Samsung Taps Graphene And Silicon To Double Lithium-Ion Battery Capacity
Samsung's breakthrough came in the form of using a two-dimensional layered structure of graphene and silicon. Up to this point, silicon alone has been receiving a lot of attention in the formation of next generation lithium-ion battery anodes. However, there's a large volume change of silicon that occurs as batteries are drained and recharged, which "weakens it competitiveness in the volumetric energy density and cycle life," Samsung says. In other words, the batteries expand and contract when charging and discharging, a definite no-no for today's thin and light devices.
The solution? To coat the silicon with conductive graphene. Sounds simple enough, but it's actually quite complex because of the way graphene interacts with silicon.
"Typical graphene synthesis conditions require a reducing atmosphere that tends to strip the native Si oxide layer off the Si surface, and then drives a reaction between Si and decomposed carbon precursors to form SiC. Our initial approach of using methane (CH4) as a carbon precursor mixed with H2 was indeed unable to achieve a graphene growth on the Si NPs, thereby yielding only β-SiC," Samsung explains. "To overcome this limitation, we included carbon dioxide (CO2), a mild oxidant, in the CVD process along with CH4."

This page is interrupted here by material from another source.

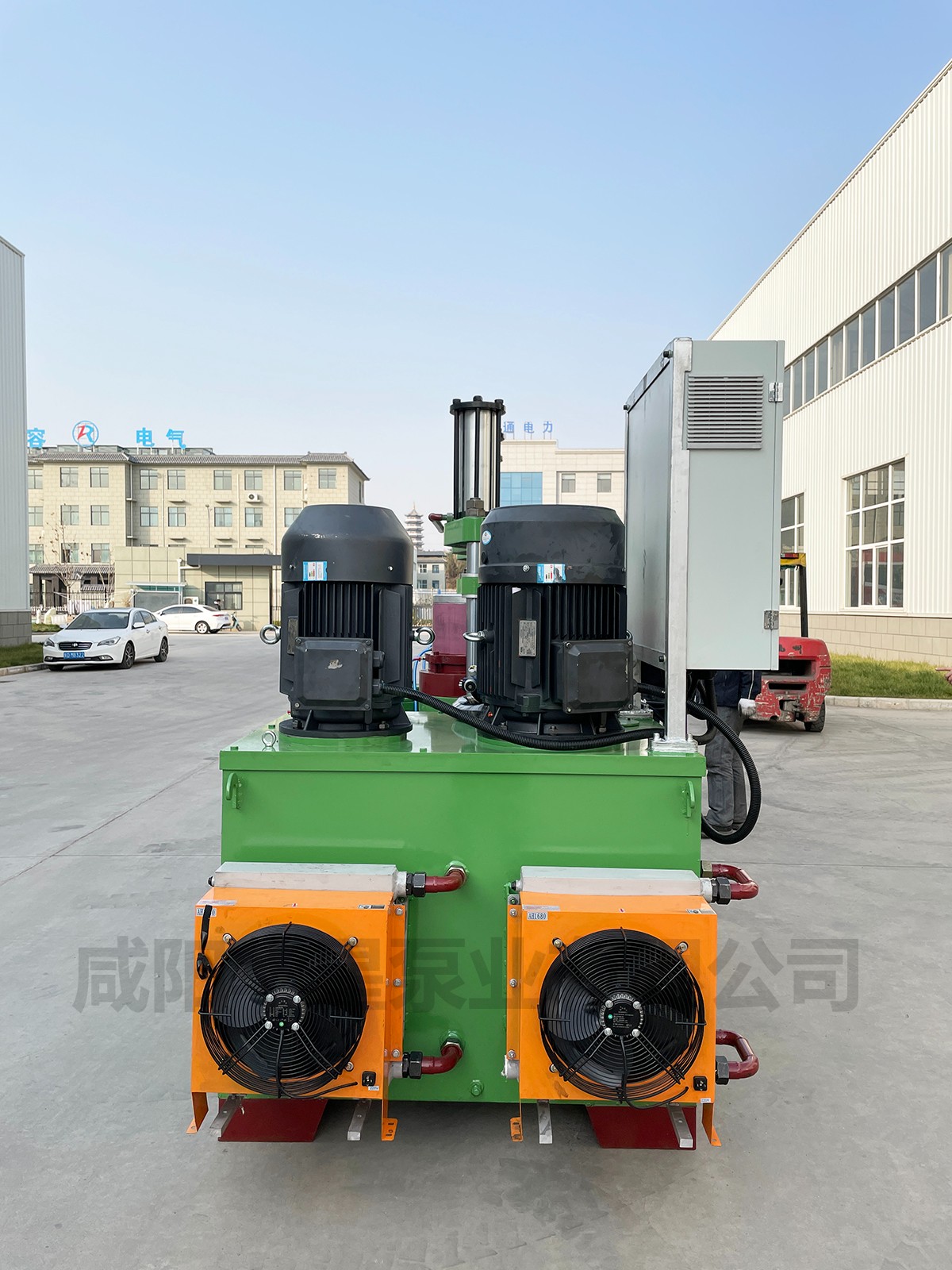 液(ye)壓柱塞(sai)泥漿泵(beng)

Using this method, Samsung has been able to create lithium-ion batteries with 1.5 to 1.8 times the density of what's available today. In a best case scenario, that translates into nearly double the battery life for devices like smartphones and tablets.
Like with other promising battery technologies, don't expect this one to be manifest on store shelves anytime soon. It's currently a research project that could take several years before reaching the commercial stage.